* [Instructions for the task]: The answer is an exact copy of the lines from the one with "Cherry Blossom Plug" to the end of the listing below, pictures left out.

* [Given data]:

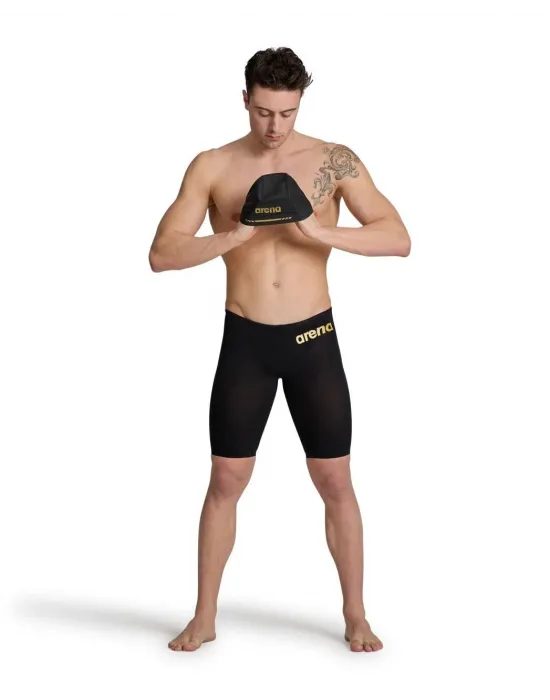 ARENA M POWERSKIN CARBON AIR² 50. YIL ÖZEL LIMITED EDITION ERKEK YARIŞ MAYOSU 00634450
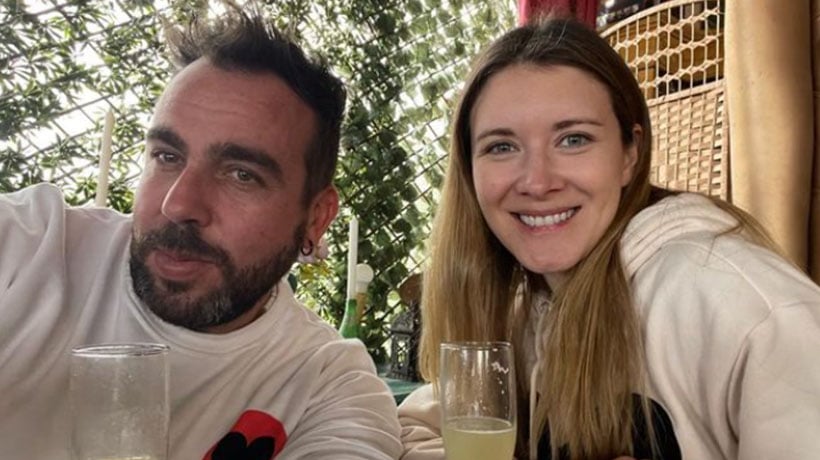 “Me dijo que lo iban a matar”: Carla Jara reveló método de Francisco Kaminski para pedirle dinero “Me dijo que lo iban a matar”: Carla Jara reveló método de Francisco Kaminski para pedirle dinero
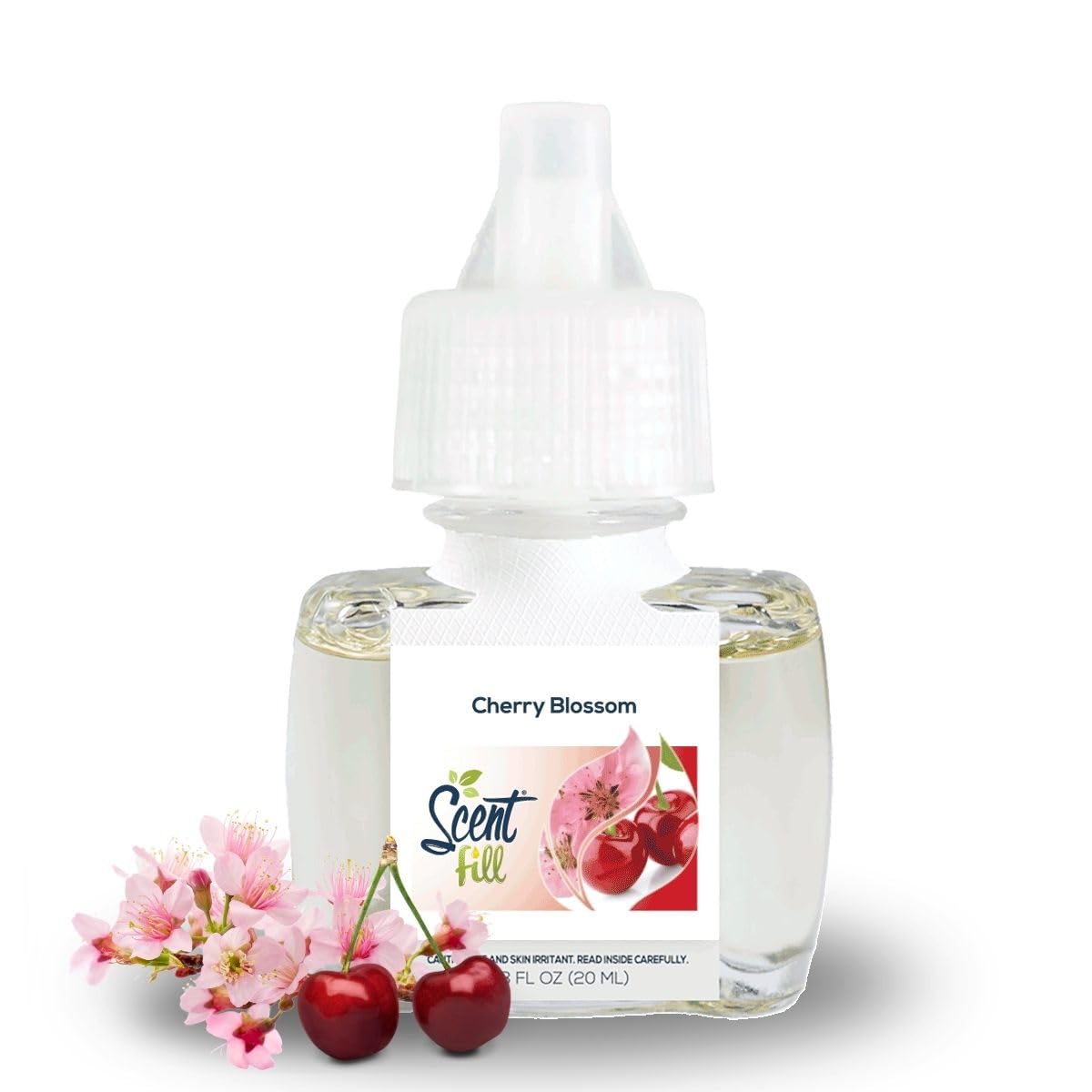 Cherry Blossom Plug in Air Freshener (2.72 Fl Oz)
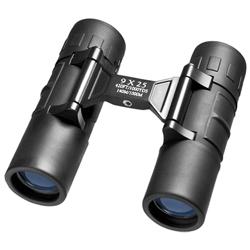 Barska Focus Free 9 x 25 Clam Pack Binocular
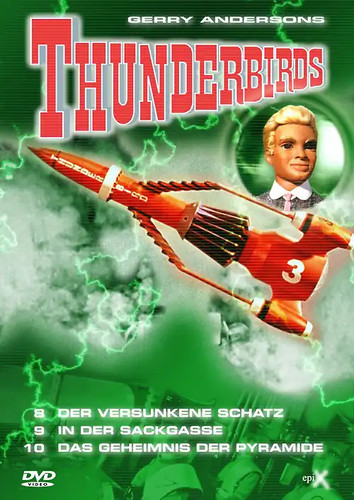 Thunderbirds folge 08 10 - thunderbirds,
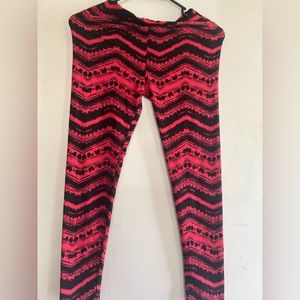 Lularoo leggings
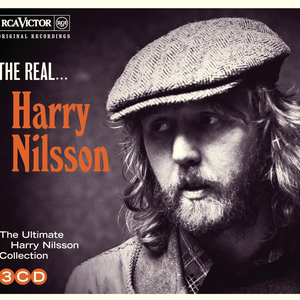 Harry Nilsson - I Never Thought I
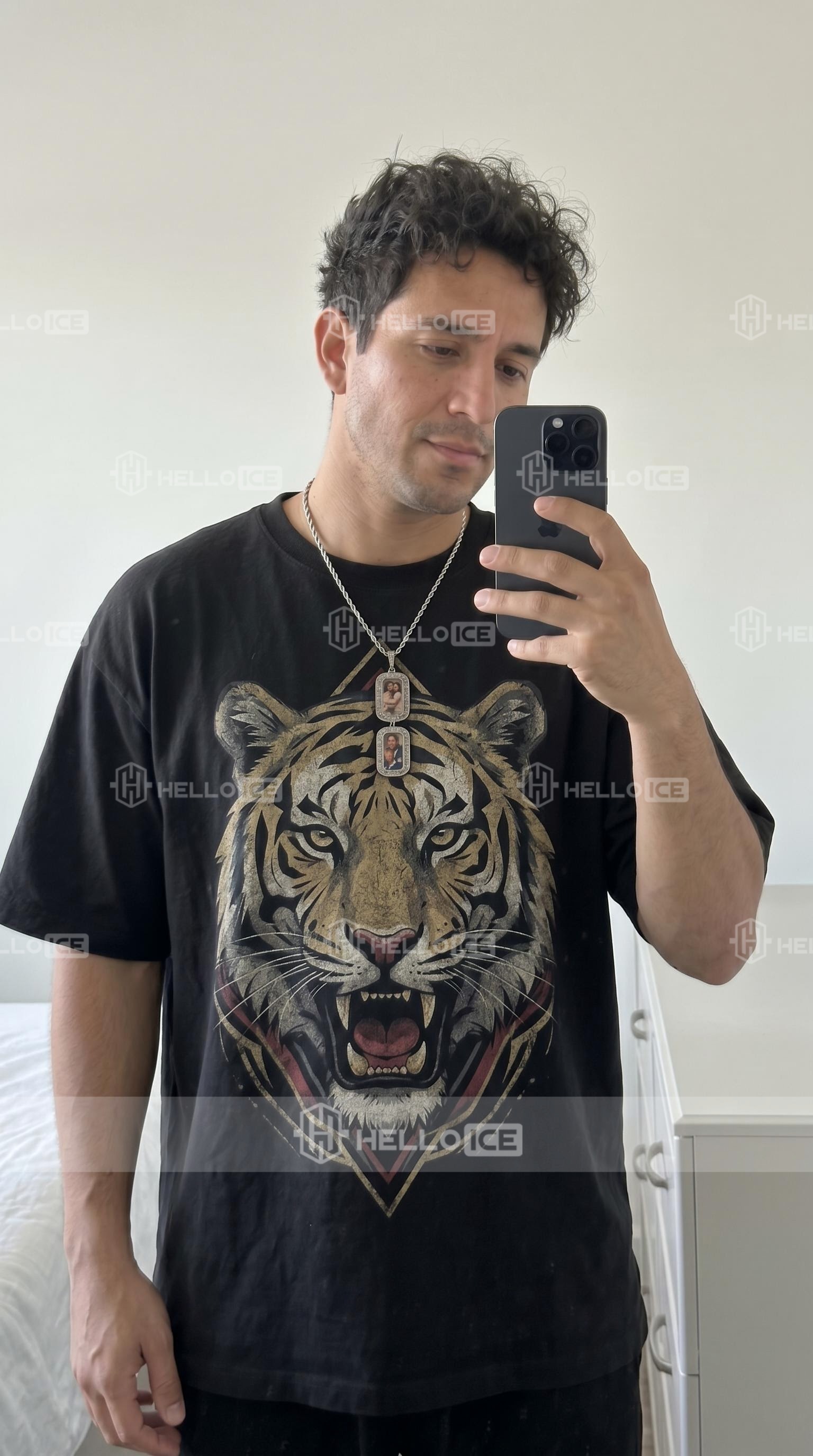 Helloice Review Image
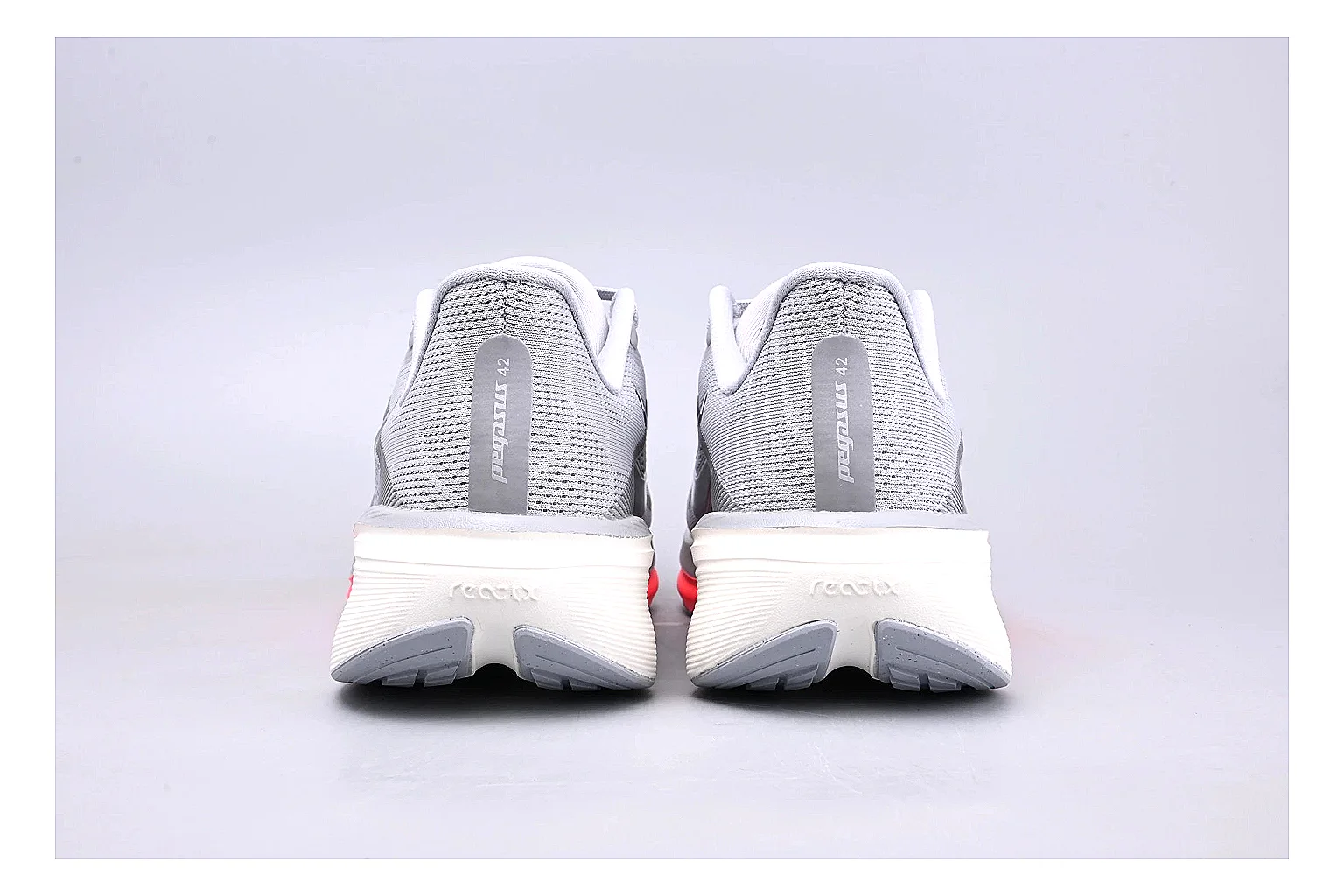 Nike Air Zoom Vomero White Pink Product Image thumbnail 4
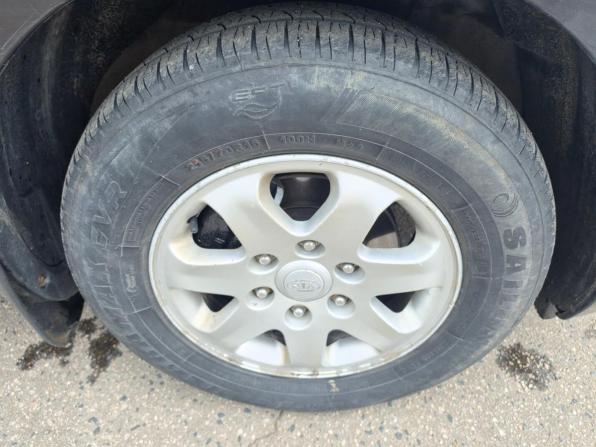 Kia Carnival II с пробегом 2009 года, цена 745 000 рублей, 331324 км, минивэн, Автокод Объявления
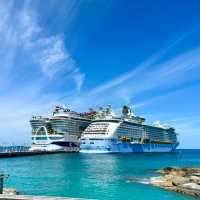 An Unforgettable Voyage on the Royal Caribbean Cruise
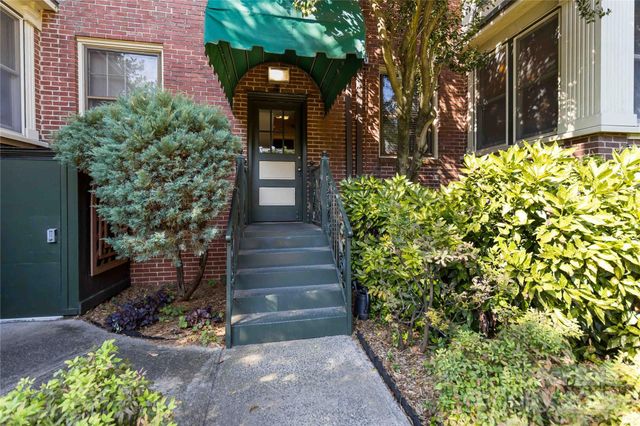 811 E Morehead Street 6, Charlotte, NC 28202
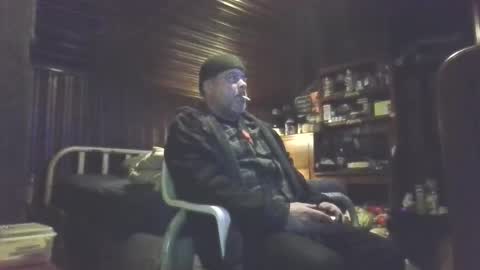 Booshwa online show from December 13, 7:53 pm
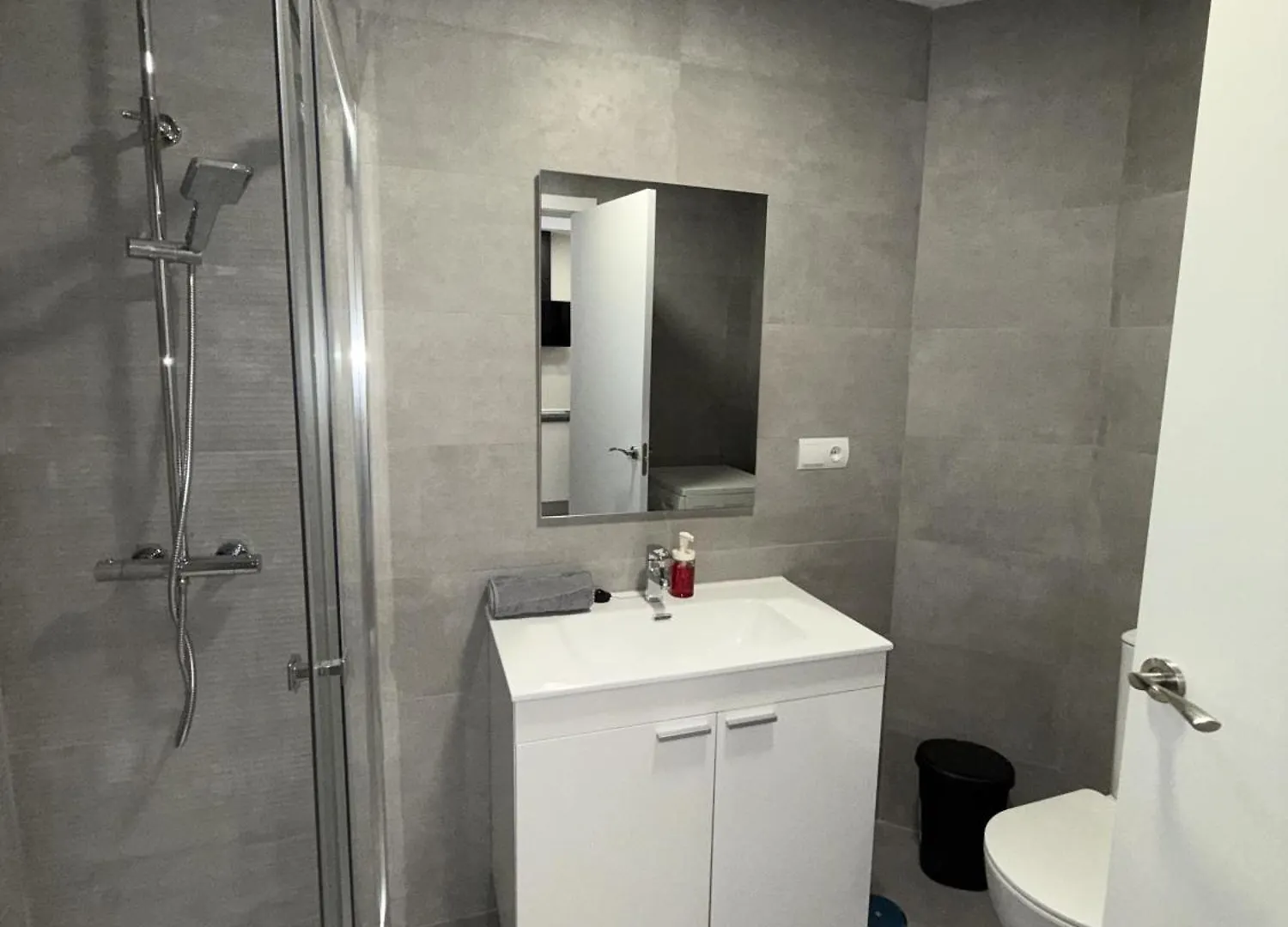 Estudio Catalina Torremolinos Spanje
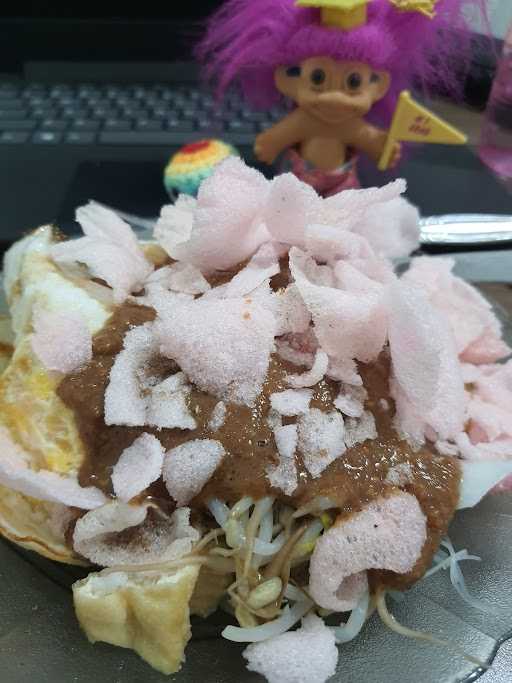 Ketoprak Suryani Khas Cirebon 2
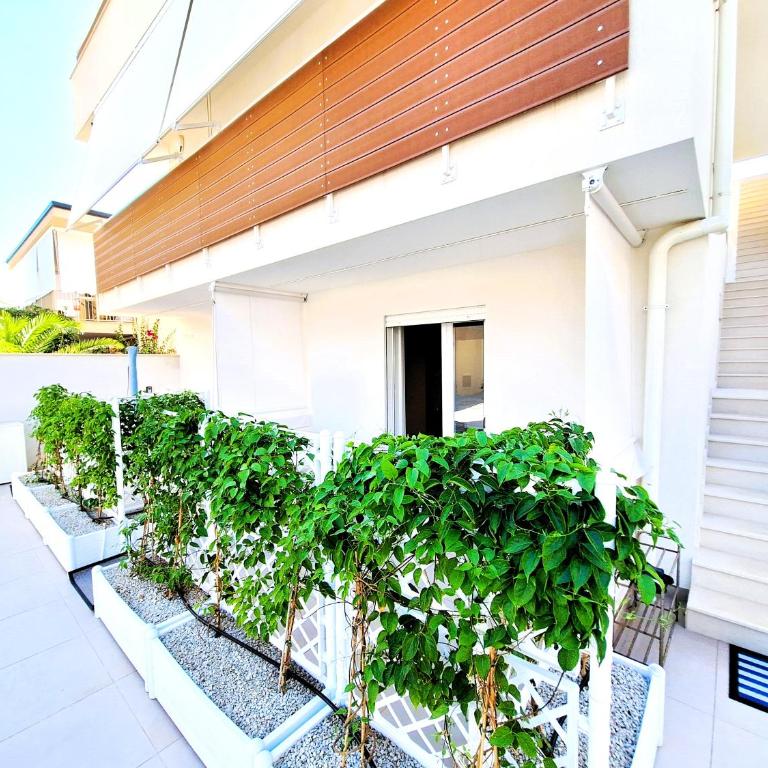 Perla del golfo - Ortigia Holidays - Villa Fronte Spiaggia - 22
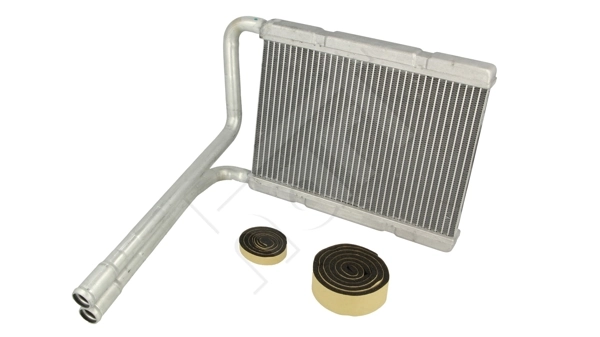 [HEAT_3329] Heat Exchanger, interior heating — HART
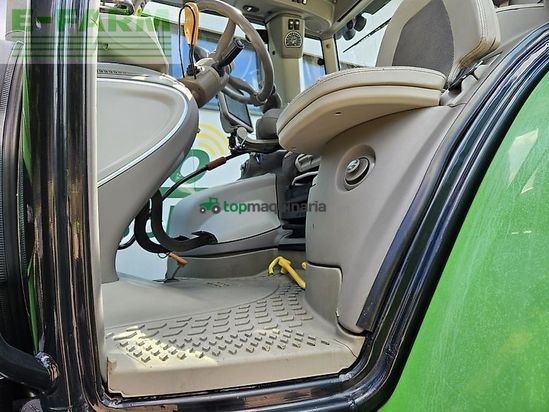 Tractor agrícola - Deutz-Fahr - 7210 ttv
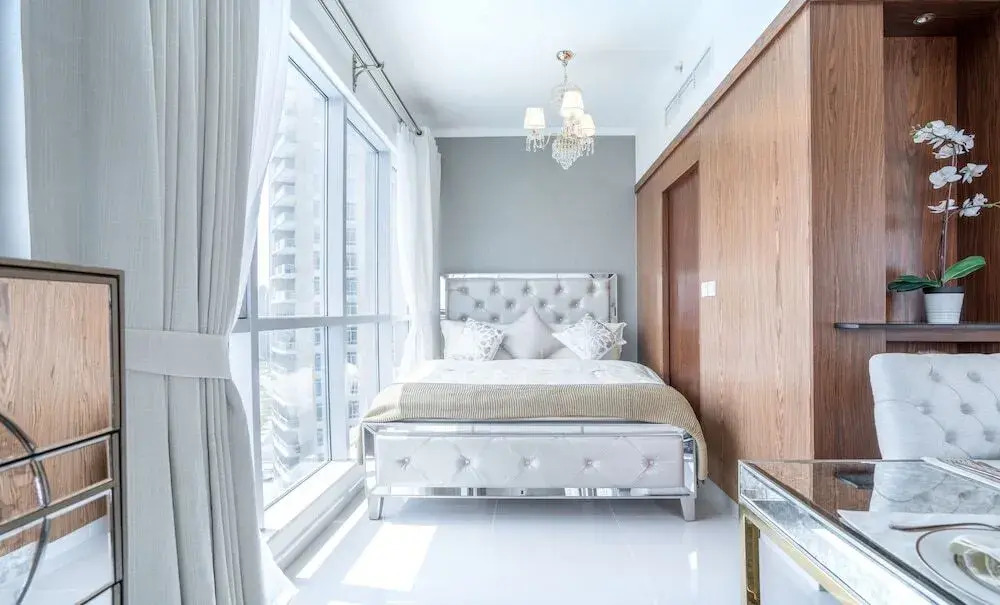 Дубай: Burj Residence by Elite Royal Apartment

* [Output for this exercise]:
 Cherry Blossom Plug in Air Freshener (2.72 Fl Oz)
 Barska Focus Free 9 x 25 Clam Pack Binocular
 Thunderbirds folge 08 10 - thunderbirds,
 Lularoo leggings
 Harry Nilsson - I Never Thought I
 Helloice Review Image
 Nike Air Zoom Vomero White Pink Product Image thumbnail 4
 Kia Carnival II с пробегом 2009 года, цена 745 000 рублей, 331324 км, минивэн, Автокод Объявления
 An Unforgettable Voyage on the Royal Caribbean Cruise
 811 E Morehead Street 6, Charlotte, NC 28202
 Booshwa online show from December 13, 7:53 pm
 Estudio Catalina Torremolinos Spanje
 Ketoprak Suryani Khas Cirebon 2
 Perla del golfo - Ortigia Holidays - Villa Fronte Spiaggia - 22
 [HEAT_3329] Heat Exchanger, interior heating — HART
 Tractor agrícola - Deutz-Fahr - 7210 ttv
 Дубай: Burj Residence by Elite Royal Apartment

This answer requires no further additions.